- Dennison, Arizona Location within the state of Arizona Dennison, Arizona Dennison, Arizona (the United States)
- Coordinates: 35°05′12″N 110°54′18″W﻿ / ﻿35.08667°N 110.90500°W
- Country: United States
- State: Arizona
- County: Coconino
- Elevation: 5,013 ft (1,528 m)
- Time zone: UTC-7 (Mountain (MST))
- • Summer (DST): UTC-7 (MST)
- Area code: 928
- FIPS code: 04-18585
- GNIS feature ID: 24398

= Dennison, Arizona =

Former railroad stop in Coconino County, Arizona, US

Dennison was a stop on the Atchison, Topeka and Santa Fe Railway between Canyon Diablo, and Winslow, Arizona, United States, in Coconino County. Formerly in Yavapai County, it came to be in Coconino County upon the latter's creation in 1891. Dennison was named for a railroad roadmaster named Denny.

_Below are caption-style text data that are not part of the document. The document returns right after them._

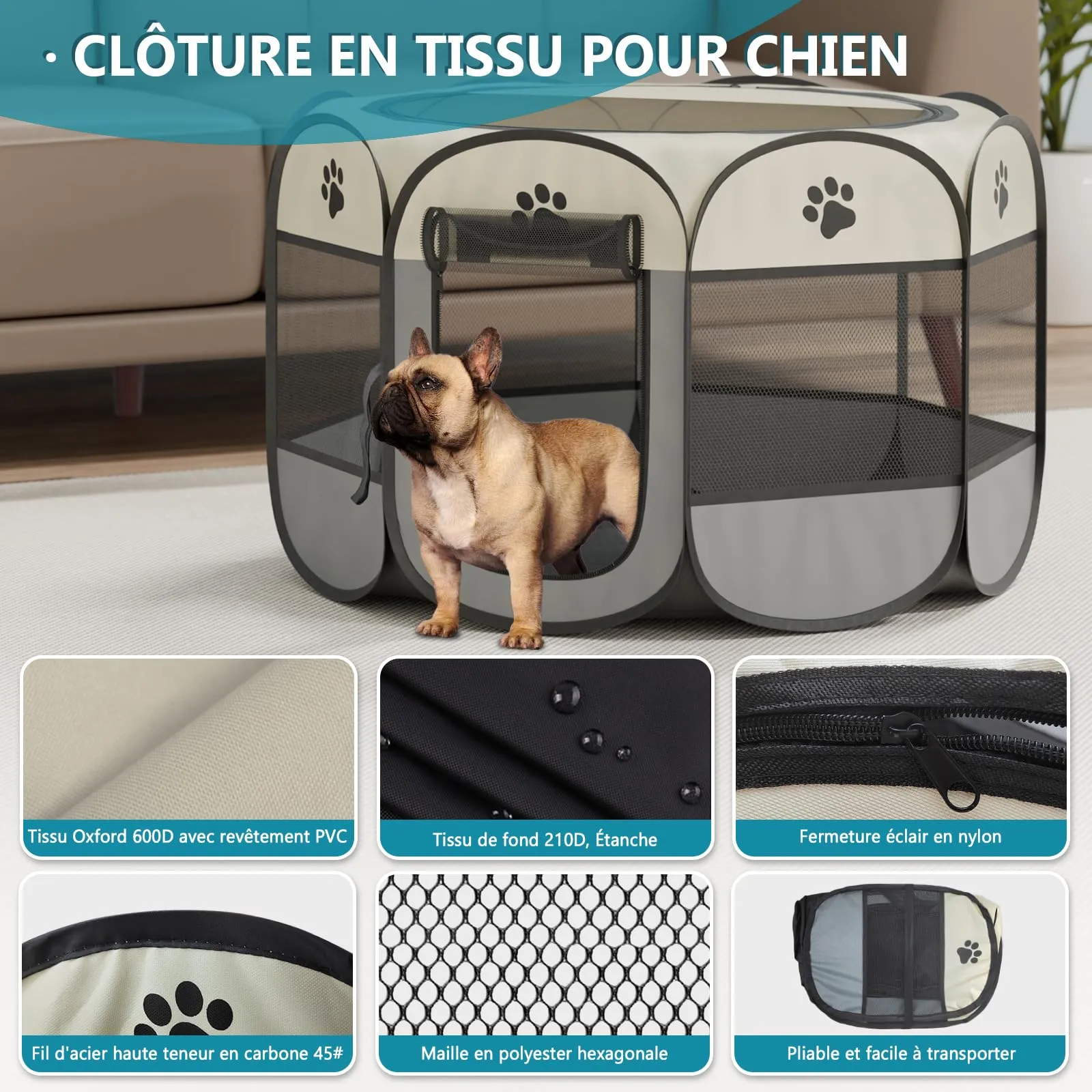 Qianruida Recinto Pieghevole per Cani 90x90x58cm, Tessuto Oxford Impermeabile, Adatto a Gatti, Cani e Conigli, Facile da Usare e Installare, Montaggio Semplice, Pieghevole - immagine 2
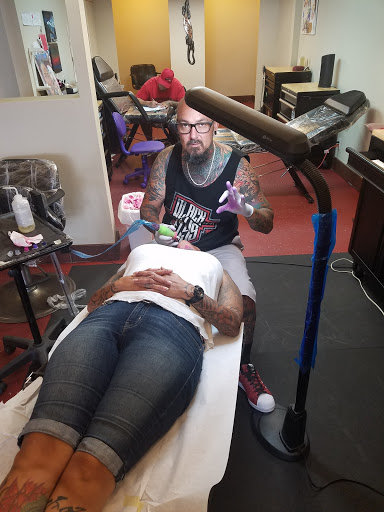 Explore tattoo cover up ideas on leg, creative tattoo ideas in Kailua Kona, available at Lady Luck Tattoo & Body Piercing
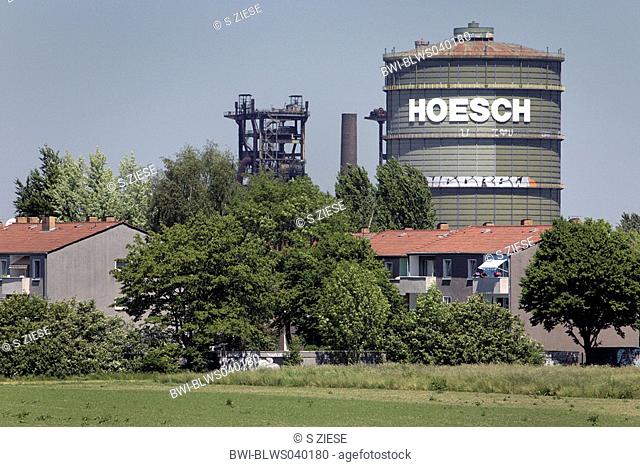 industrial plant Hoesch with the gasometer, Germany, North Rhine-Westphalia, Ruhr Area, Dortmund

It has an estimated elevation of 5013 ft above sea level. A short distance west of Dennison siding, the Kaibab Limestone that is predominant in the western part of the state first rises above the limestone Moenkopi Formation found to the east.

In 1910, the railroad was double-tracked from Winslow, Arizona, to a point two miles west of Dennison.

By 1972, Dennison was only a phone station on the railroad line. At that time, the name had fallen out of public use, and local landowners successfully petitioned the county to change the name of Dennison Road, exit 239 on Interstate 40, to Red Gap Ranch Road and Meteor City Road.

==Incidents==
On 1 September 1891 two men were killed on the line between Dennison and Winslow when a wagon carrying blasting powder on a freight train exploded.

On 28 March 1899, track walker George Smiley shot and killed Dennison section foreman, Paul McSweeney, following a dispute over unpaid wages. Smiley was executed on 8 January the following year.

On 1 July 1899 a light engine ran into the back of a freight train in the siding at Dennison, killing a brakeman and an engineer.